*Exercise details*
Take from the entries below the stretch from the line with "MDT CRBN Tikka" through the line with "Closet Casal 4", and return it exactly, leaving the pictures out.

-.-.-

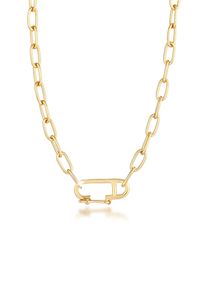 Kette mit Anh&auml;nger Elli "Halskette Gliederkette Oval Verstellbar Basic 925 Silber" Gr. 40, gold, Halsketten, Damen, ohne Stein, Silber 925 (Sterlingsilber), Kette mit Anh&auml;nger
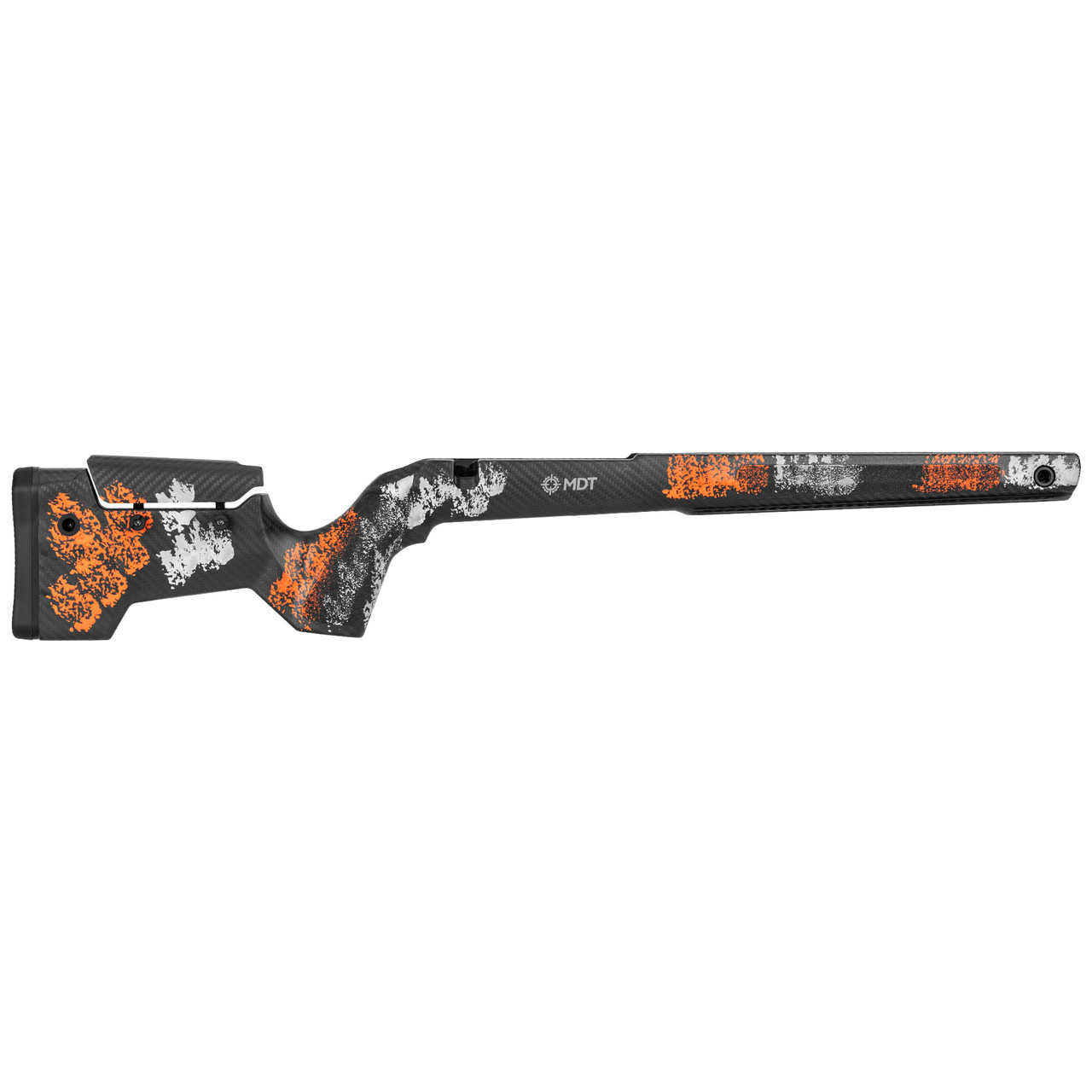 MDT CRBN Tikka T3X Long Action RH Fixed ARCA Hunter Orange and Grey Chassis System 114850-HOG in Orange/black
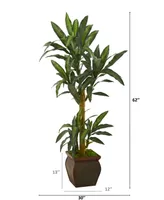 Nearly Natural 62in. Yucca Artificial Plant in Decorative Planter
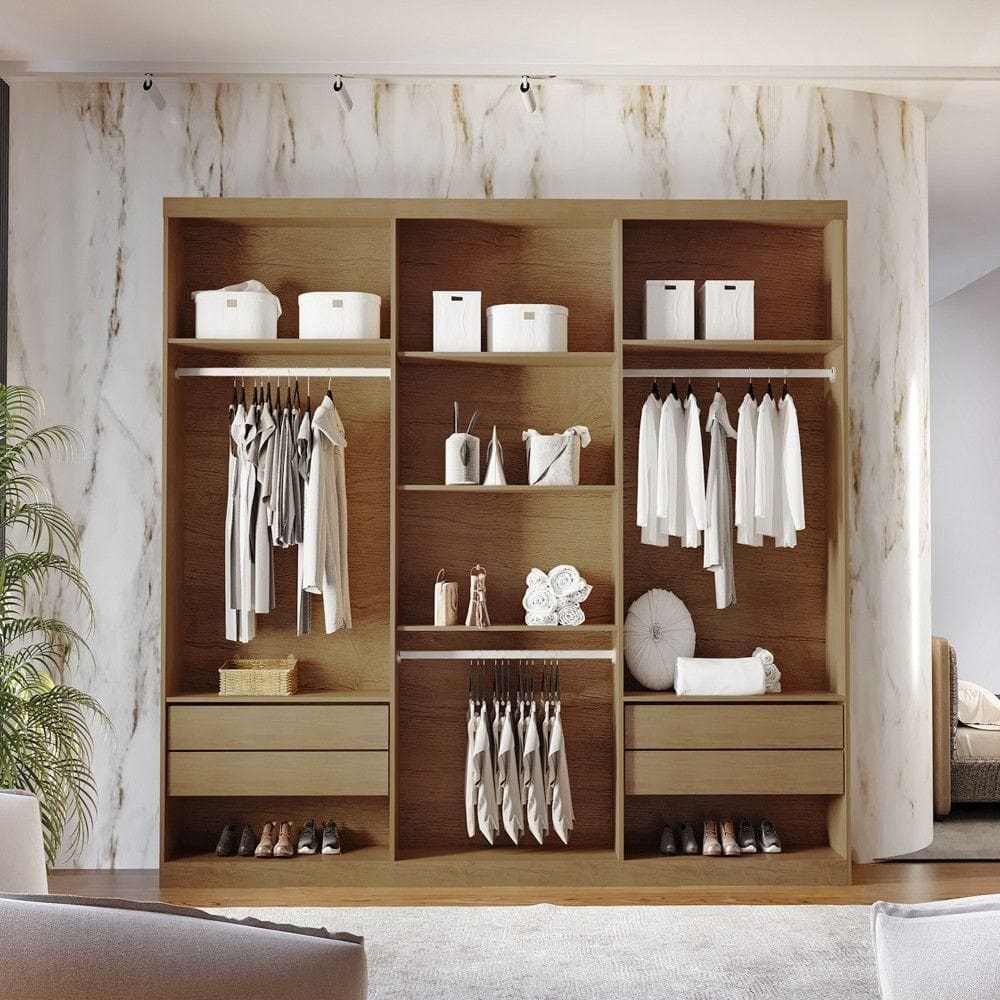 Closet Casal 4 Gavetas 5 Prateleiras Mdf Rufato Imbuia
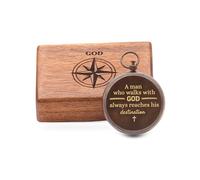 RII Pocket Brass Compass, Nautical Navy Compass for Camping, Travelling, Hiking, Boating, Gift Compass for Graduation, Wedding, Birthday, Anniversary, Dad to Son/Grandson with Imprinted Leather Case
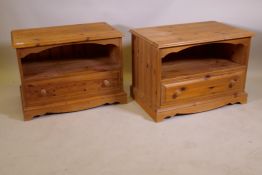 A pair of pine bedside chests with open shelf over single drawer, 71 x 46 x 50cm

-.-.-

*Output below*
 MDT CRBN Tikka T3X Long Action RH Fixed ARCA Hunter Orange and Grey Chassis System 114850-HOG in Orange/black
 Nearly Natural 62in. Yucca Artificial Plant in Decorative Planter
 Closet Casal 4 Gavetas 5 Prateleiras Mdf Rufato Imbuia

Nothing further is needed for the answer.